***** PROVIDED ENTRIES
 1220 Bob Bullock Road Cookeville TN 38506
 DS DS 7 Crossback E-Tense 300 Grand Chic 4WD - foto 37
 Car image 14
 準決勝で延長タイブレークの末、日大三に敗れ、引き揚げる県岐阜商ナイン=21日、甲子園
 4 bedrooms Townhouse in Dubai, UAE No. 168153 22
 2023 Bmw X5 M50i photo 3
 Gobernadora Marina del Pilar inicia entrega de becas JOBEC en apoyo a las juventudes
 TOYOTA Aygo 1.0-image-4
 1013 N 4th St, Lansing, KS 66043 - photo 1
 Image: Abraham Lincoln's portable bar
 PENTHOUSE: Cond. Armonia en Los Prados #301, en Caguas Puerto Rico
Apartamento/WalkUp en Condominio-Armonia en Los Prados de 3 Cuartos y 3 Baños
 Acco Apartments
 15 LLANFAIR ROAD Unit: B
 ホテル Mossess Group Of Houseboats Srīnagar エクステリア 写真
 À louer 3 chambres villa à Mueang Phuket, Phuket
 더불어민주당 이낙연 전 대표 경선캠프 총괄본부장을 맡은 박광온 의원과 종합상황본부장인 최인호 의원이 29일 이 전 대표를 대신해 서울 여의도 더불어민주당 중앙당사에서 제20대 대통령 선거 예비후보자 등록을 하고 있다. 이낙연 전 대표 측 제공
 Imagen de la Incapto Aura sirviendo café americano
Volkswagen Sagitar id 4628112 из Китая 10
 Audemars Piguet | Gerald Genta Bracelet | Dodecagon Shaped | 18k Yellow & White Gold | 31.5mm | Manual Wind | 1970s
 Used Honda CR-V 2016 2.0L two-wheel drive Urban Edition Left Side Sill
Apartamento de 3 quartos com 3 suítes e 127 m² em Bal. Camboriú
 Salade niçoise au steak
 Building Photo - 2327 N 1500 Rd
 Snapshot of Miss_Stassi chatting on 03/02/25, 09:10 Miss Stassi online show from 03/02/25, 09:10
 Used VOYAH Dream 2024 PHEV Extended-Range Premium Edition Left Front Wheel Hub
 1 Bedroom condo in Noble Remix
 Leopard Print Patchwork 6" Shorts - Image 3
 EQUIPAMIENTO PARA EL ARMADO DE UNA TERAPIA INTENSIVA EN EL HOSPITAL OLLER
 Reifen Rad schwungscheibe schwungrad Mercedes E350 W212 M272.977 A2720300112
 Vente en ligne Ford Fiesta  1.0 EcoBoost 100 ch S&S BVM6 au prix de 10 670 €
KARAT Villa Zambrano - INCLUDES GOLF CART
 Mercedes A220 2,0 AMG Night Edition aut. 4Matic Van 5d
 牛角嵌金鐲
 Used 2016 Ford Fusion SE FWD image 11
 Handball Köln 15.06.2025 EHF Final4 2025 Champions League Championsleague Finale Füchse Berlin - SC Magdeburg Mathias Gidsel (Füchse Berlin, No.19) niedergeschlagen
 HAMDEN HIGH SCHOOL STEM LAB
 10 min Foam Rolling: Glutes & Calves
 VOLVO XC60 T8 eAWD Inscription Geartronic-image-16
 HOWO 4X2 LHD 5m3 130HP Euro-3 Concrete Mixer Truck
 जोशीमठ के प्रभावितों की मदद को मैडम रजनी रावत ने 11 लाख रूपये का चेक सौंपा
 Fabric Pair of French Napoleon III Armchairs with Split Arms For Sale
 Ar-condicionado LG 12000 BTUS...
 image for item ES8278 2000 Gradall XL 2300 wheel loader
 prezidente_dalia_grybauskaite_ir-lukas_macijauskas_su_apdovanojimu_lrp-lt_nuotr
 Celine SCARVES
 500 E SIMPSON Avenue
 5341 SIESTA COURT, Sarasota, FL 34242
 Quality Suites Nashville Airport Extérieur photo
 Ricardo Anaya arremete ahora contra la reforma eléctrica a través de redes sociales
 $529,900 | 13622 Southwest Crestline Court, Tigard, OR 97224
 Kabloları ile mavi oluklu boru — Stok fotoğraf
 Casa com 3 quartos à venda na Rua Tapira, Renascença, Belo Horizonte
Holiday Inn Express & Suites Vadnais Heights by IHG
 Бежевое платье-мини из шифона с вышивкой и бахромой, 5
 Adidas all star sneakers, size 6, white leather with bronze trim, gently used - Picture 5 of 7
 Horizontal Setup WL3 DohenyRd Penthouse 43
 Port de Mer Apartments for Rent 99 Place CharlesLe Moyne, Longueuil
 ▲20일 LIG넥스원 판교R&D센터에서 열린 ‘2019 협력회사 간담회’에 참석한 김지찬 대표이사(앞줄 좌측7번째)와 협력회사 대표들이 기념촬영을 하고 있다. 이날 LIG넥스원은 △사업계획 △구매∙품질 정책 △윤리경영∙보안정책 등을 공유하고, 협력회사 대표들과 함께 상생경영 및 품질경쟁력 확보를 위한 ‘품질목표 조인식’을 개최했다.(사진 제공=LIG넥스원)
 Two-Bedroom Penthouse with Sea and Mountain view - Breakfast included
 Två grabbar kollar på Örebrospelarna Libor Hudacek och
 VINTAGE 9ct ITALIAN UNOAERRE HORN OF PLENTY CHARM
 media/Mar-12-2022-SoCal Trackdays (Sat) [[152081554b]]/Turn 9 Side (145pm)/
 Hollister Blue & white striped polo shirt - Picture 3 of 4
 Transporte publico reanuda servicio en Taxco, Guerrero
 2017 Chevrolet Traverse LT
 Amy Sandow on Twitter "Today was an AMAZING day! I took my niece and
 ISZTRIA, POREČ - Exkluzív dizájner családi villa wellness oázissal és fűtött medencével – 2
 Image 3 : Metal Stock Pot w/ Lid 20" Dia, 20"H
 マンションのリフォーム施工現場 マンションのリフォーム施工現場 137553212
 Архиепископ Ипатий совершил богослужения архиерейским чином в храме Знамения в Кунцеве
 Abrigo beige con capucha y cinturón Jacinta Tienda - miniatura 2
**********
_EXERCISE DIRECTIONS_
Return the lines from the line containing "2017 Chevrolet Traverse LT" to the end of the entries above, exactly as they appear and with no other output.

_ANSWER TO THIS PROBLEM_
 2017 Chevrolet Traverse LT
 Amy Sandow on Twitter "Today was an AMAZING day! I took my niece and
 ISZTRIA, POREČ - Exkluzív dizájner családi villa wellness oázissal és fűtött medencével – 2
 Image 3 : Metal Stock Pot w/ Lid 20" Dia, 20"H
 マンションのリフォーム施工現場 マンションのリフォーム施工現場 137553212
 Архиепископ Ипатий совершил богослужения архиерейским чином в храме Знамения в Кунцеве
 Abrigo beige con capucha y cinturón Jacinta Tienda - miniatura 2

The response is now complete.